Was nun abläuft, folgt fast immer demselben Muster. Aus Gerüchten werden erste Berichte. Experten äußern sich unkonkret hoffnungsvoll. Schließlich kann ja nichts schiefgehen. Und wer möchte in unserer Branche schon zu den Skeptikern und ewig Gestrigen zählen? Langsam fängt das Ganze an, Fahrt aufzunehmen. Die Erfolgsstorys aus den USA mehren sich. Experten und Unternehmen bestätigen: Wir sind dran. Jetzt nur nicht zugeben, den Zug verschlafen zu haben. Mangels Fakten werden harte Marktzahlen durch Prognosen ersetzt. Und spätestens, wenn Presse und Veranstaltungsplaner den neuen Hype identifiziert haben, ist der Zug kaum noch zu stoppen. Für alle, die mit Visionen handeln, kommt jetzt die spannendste Zeit. Denn nun gilt es, Käufer finden. Gott sei Dank gibt es hierzulande immer noch genug Unternehmen, die mit ausreichend Mitteln und ein bisschen Zukunftsangst ausgestattet sind, um schon für alle Fälle zu kaufen. Nur nicht schon wieder ins Hintertreffen geraten…

Und jetzt ist mir auch klar, was diese Party am allerwenigsten braucht: irgendwelche Miesepeter, die auf einen Reality-Check drängen.
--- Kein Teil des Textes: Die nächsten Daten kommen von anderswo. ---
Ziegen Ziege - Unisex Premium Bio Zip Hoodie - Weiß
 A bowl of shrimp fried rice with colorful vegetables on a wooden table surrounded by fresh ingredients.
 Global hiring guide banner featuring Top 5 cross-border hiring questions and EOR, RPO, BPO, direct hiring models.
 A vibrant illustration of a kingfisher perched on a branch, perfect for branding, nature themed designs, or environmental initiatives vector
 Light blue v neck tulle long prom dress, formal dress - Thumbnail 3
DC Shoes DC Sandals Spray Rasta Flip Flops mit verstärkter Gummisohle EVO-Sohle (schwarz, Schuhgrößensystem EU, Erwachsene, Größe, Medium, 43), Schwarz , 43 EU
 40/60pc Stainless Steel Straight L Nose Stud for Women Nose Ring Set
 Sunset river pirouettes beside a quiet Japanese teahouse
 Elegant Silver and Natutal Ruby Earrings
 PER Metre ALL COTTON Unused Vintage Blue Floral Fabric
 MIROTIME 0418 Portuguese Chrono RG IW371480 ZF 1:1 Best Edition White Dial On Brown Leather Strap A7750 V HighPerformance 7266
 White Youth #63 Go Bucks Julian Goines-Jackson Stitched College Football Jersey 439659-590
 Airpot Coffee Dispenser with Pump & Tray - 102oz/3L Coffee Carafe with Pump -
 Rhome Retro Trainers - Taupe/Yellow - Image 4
Aber wie geht die Geschichte nun aus? Variante 1: Eine neue Revolution zieht über uns hinweg und verändert alles – Google. Variante 2: Etablierte Unternehmen überbieten sich dabei, die vermeintlichen Filetstücke und Schlüsseltechnologien zu ergattern. Haben sie das Ganze endlich teuer erkauft, stehen sie vor der nicht immer leichten Aufgabe, sich das Geld wieder zu verdienen, das sie soeben ausgegeben haben. Aber das ist dann eine ganz andere Geschichte und die ist meist deutlich langweiliger. Wenn alle Stricke reißen, dann schreibt man das Ganze eben ein paar Jahre später ab. Auch das ist nicht selten das Ende vom Lied.

Gott sei Dank bin ich kein Miesepeter, sondern habe mir nur so meine Gedanke gemacht, ob es nicht doch zwei Sichtweisen einer Geschichte geben kann.